Wednesday 15 August 2012

Elle's weekender: Margate Marmite





In answer to the standard in-the-office-lift-on-a-Thursday-question – “Any plans for the weekend then?”, my reply: “Going to Margate” was a bit of a ship sinker. 

“Good luck” one of my colleagues cheerfully replied. “Why?” another asked, clearly shocked. These reactions came in part from my colleagues thinking of me as somewhat princessy (false assumption based on the fact I assemble my own lunches with items from the Waitrose deli counter and drink Campari not beer on Fridays).

The reason why I, along with a sizeable influx of Londoners flocked to Margate this summer is the opening of the new Turner Contemporarygallery earlier in the year.

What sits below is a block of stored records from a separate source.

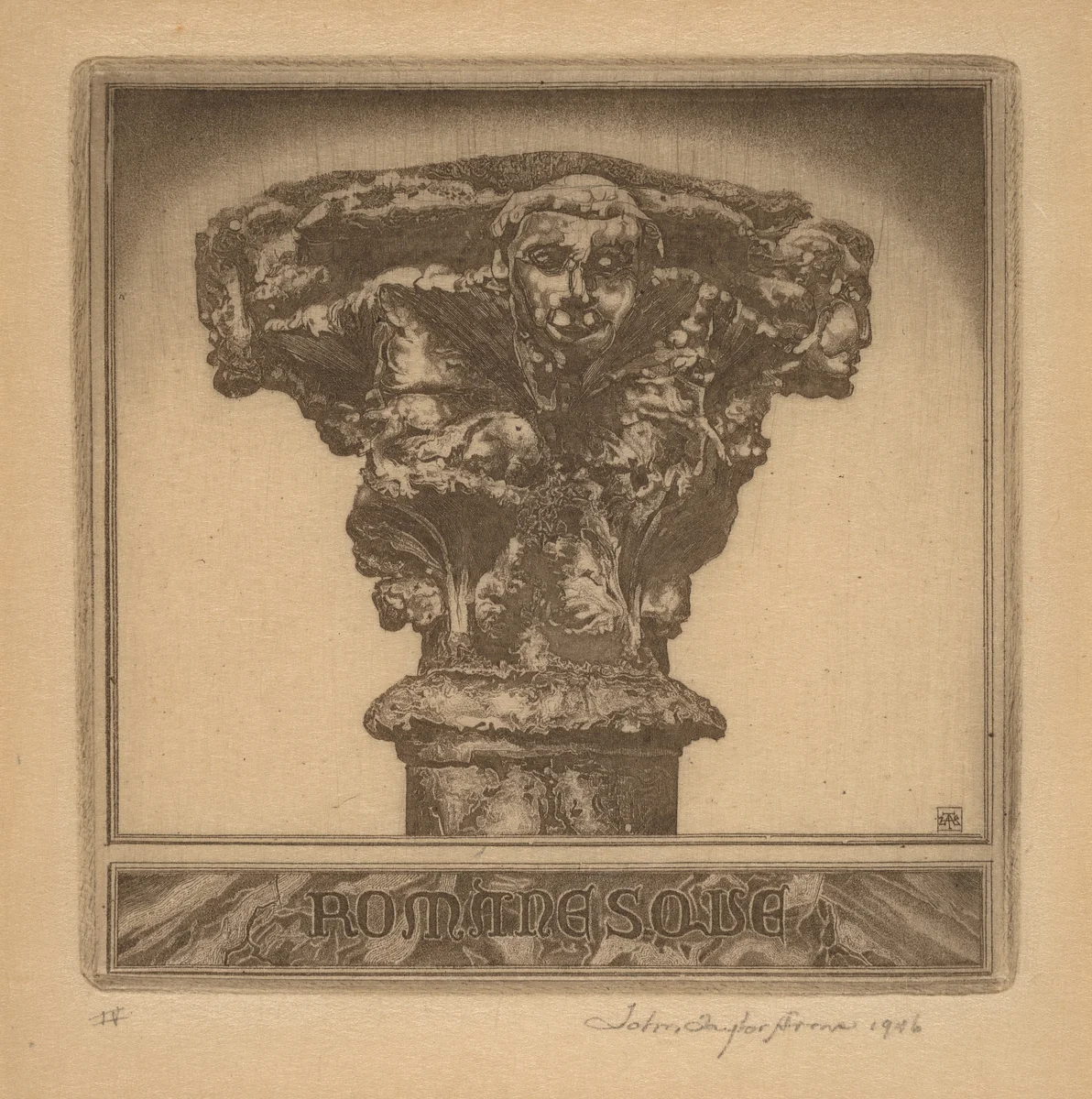Portrait of a Romanesque Capital by John Taylor Arms, print, 1946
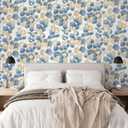 5 x Timeet Peel and Stick Wallpaper Boho Leaf Contact Paper Removable Self Adhesive Vinyl Wall Paper Blue and White Wall Mural Decoral for Cabinets and Drawers Countertops Waterproof 17"x 78.7"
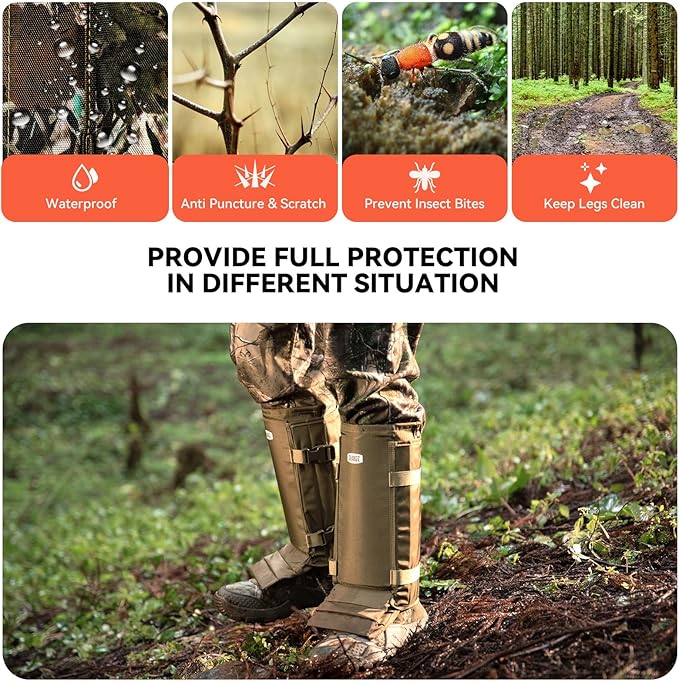 Snake Gaiters Snake Chaps, Waterproof Lower Legs Snake Guards, Snake Bite Protective Gaiters, Anti-Snake Gaiters for Men/Women, Adjustable Size for Hunting/Hiking/Farm Working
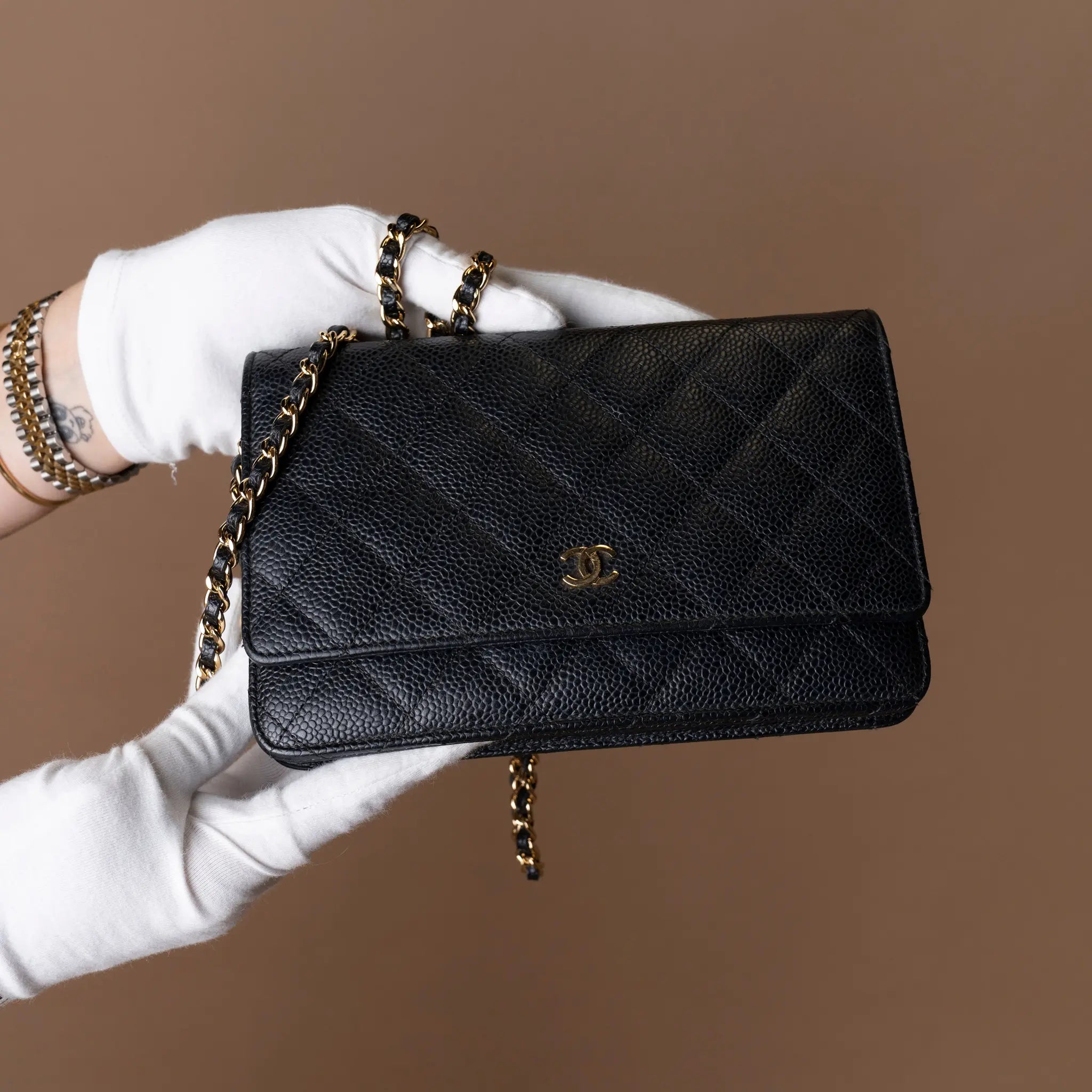 Chanel CC Quilted Caviar Wallet on Chain — Side Profile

This, along with Margate’s recent win of the Mary Queen of Shops high street revamp fund have made Margate the up and coming British sea side town of note.








But it’s not quite there yet. This is brilliant for many reasons, mainly because it still feels like a real place, inhabited by real people whos parents and grandparents grew up in the town. Because of this, Margate has a wonderful selection of vintage shops, full of original Margate-inhabitant clothing – they find it all a bit strange but go along with it anyway if it means making a bit of cash: “all this old sh**t we threw away, you lot are paying us for now. It’s brilliant.”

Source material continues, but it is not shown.